(Supplied information Opens)

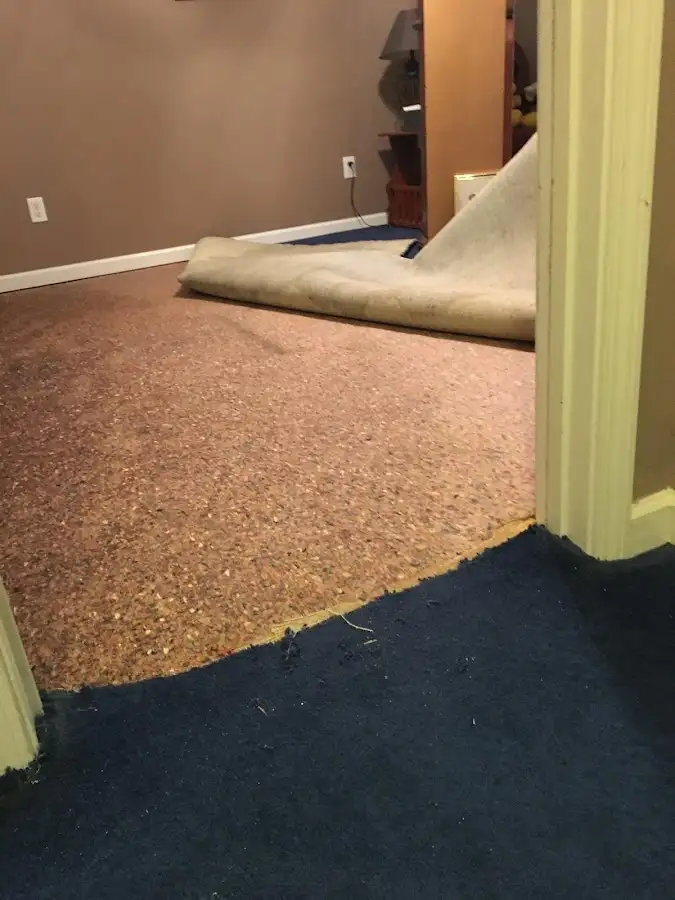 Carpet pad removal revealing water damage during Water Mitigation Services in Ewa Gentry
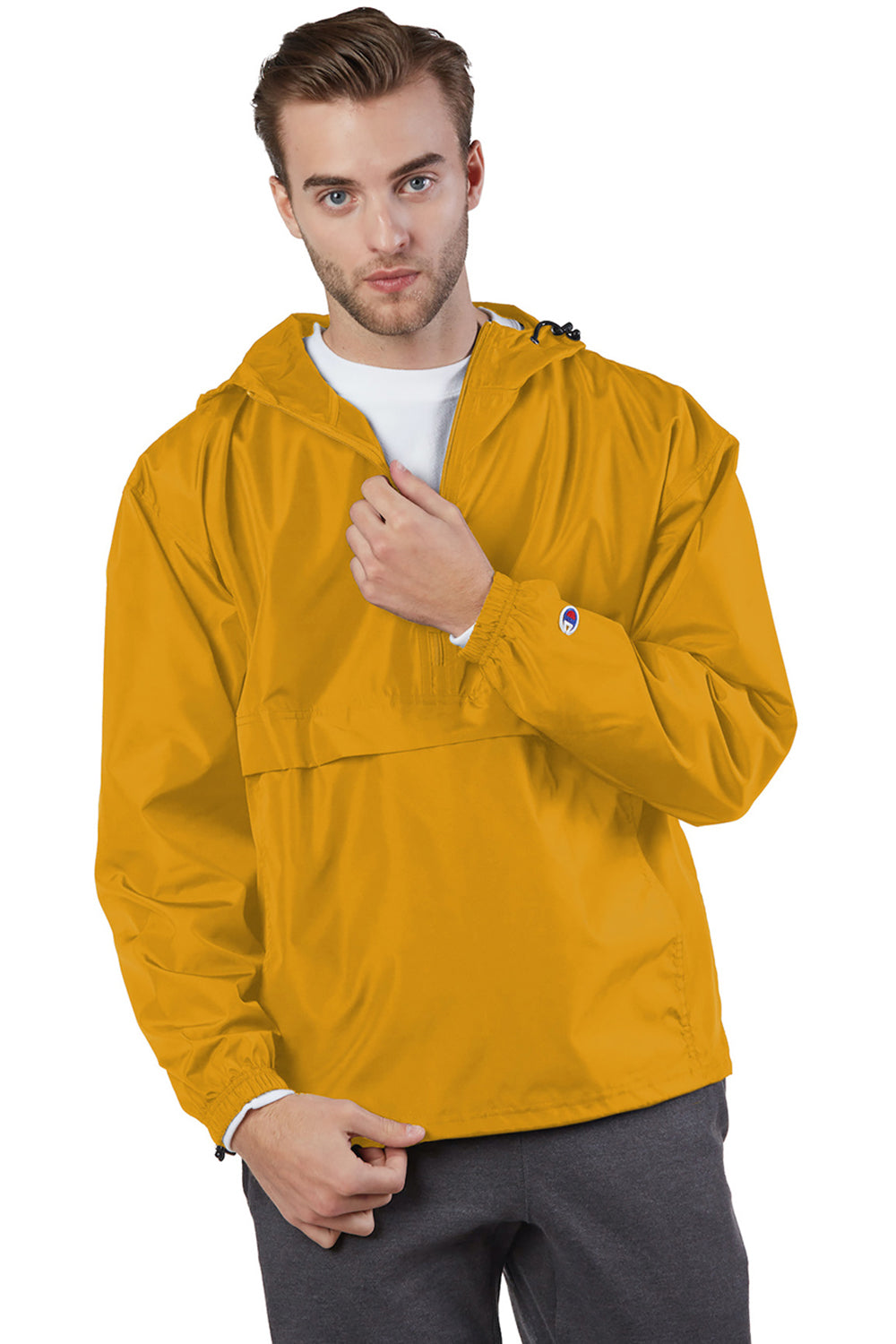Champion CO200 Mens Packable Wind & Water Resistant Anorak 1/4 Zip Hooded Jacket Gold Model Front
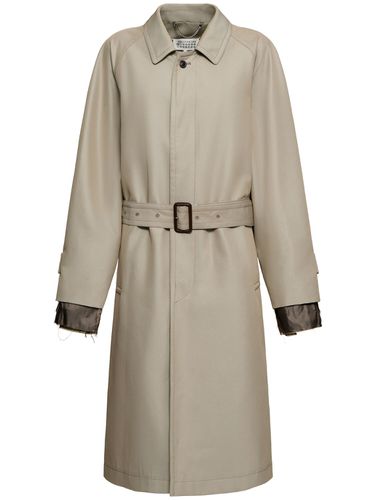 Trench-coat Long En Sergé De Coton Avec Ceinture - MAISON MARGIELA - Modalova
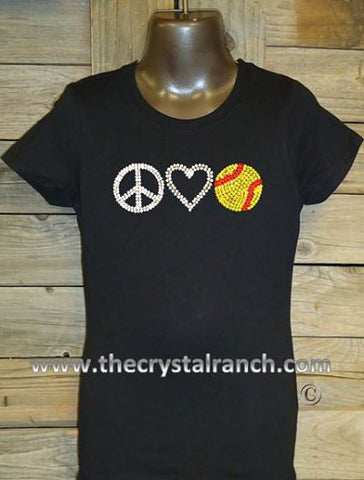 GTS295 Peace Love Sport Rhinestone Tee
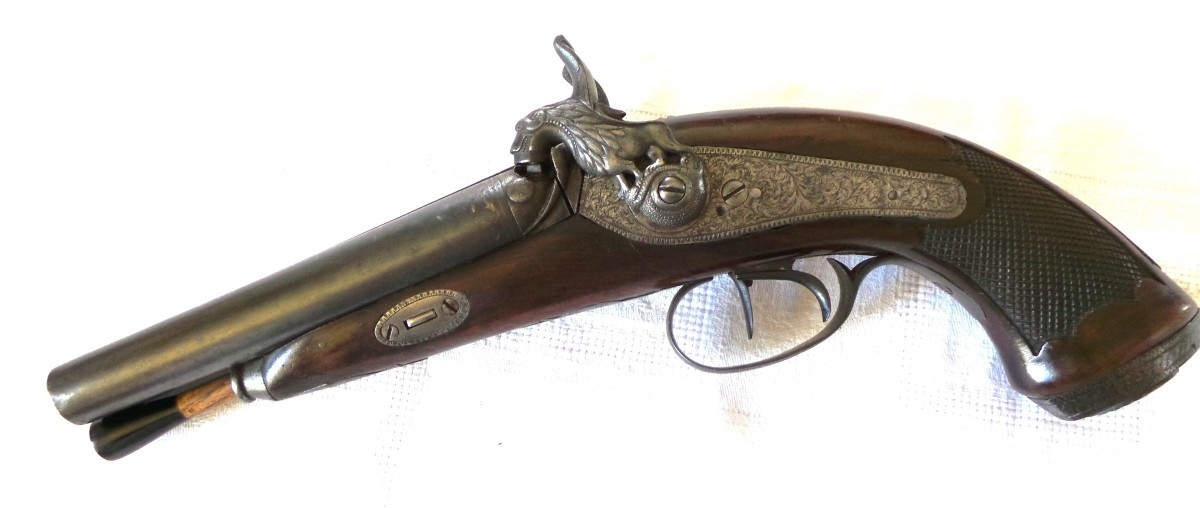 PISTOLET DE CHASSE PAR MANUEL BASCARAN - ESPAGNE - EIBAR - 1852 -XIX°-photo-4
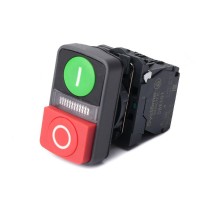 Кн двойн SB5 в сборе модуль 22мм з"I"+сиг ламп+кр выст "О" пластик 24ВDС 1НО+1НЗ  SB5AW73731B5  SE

(Supplied information Closes)

[Exercise goal]: Restate the data above word for word, so that the only difference is the missing pictures.

[The completed task]:
 Carpet pad removal revealing water damage during Water Mitigation Services in Ewa Gentry
Champion CO200 Mens Packable Wind & Water Resistant Anorak 1/4 Zip Hooded Jacket Gold Model Front
 Trench-coat Long En Sergé De Coton Avec Ceinture - MAISON MARGIELA - Modalova
 GTS295 Peace Love Sport Rhinestone Tee
 PISTOLET DE CHASSE PAR MANUEL BASCARAN - ESPAGNE - EIBAR - 1852 -XIX°-photo-4
 Кн двойн SB5 в сборе модуль 22мм з"I"+сиг ламп+кр выст "О" пластик 24ВDС 1НО+1НЗ  SB5AW73731B5  SE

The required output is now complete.